§ **Task prompt**:
Could you please reproduce the entries exactly, leaving out any pictures?

(Caption-style text data)

-------------------------

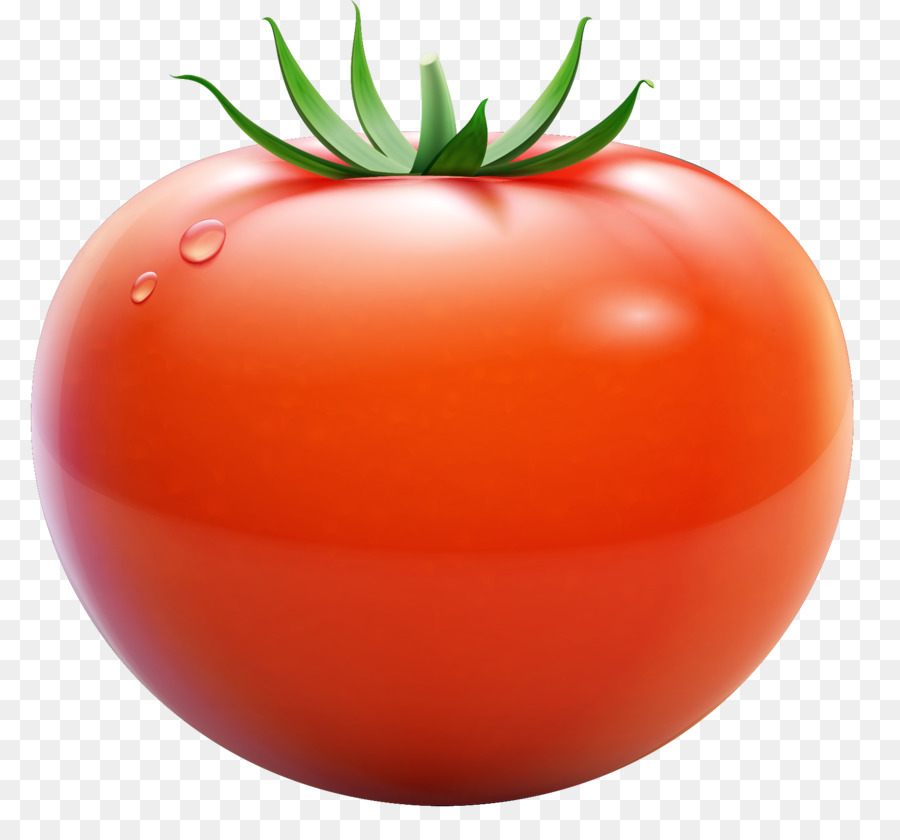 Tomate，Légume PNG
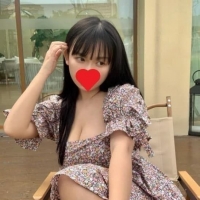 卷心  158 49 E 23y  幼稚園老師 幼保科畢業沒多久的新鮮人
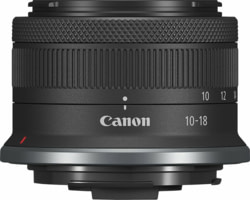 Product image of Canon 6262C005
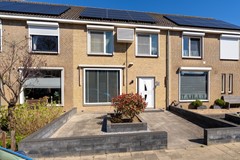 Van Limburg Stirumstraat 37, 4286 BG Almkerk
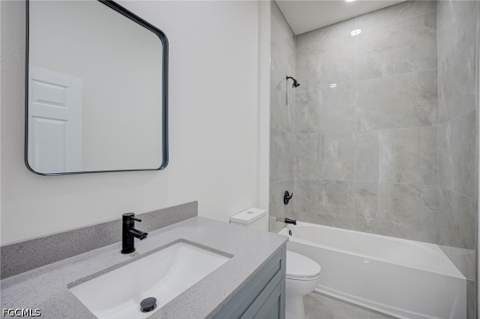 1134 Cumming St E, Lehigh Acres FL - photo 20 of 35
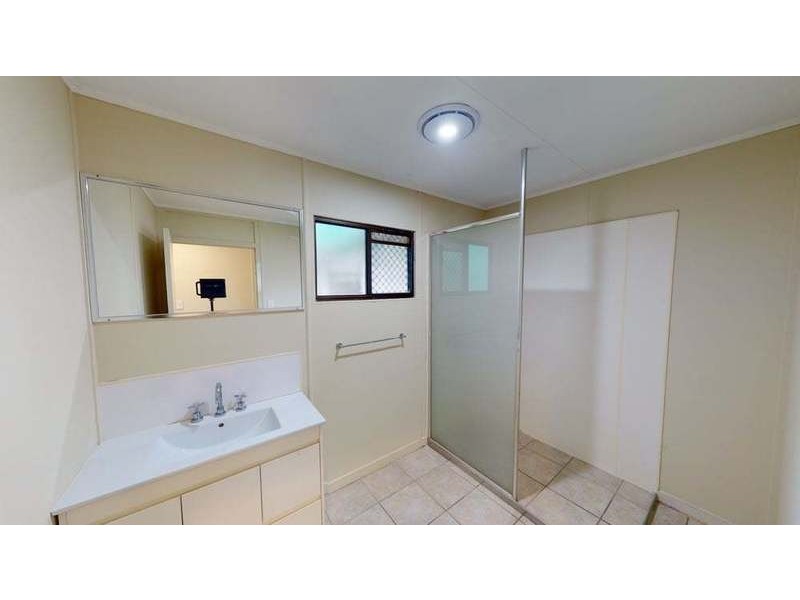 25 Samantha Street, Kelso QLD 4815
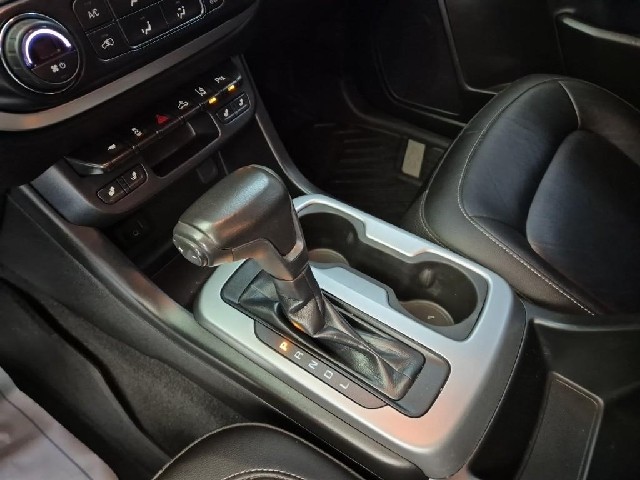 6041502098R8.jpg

-------------------------

§ **Task result**:
 Tomate，Légume PNG
 卷心  158 49 E 23y  幼稚園老師 幼保科畢業沒多久的新鮮人
 Product image of Canon 6262C005
 Van Limburg Stirumstraat 37, 4286 BG Almkerk
 1134 Cumming St E, Lehigh Acres FL - photo 20 of 35
 25 Samantha Street, Kelso QLD 4815
 6041502098R8.jpg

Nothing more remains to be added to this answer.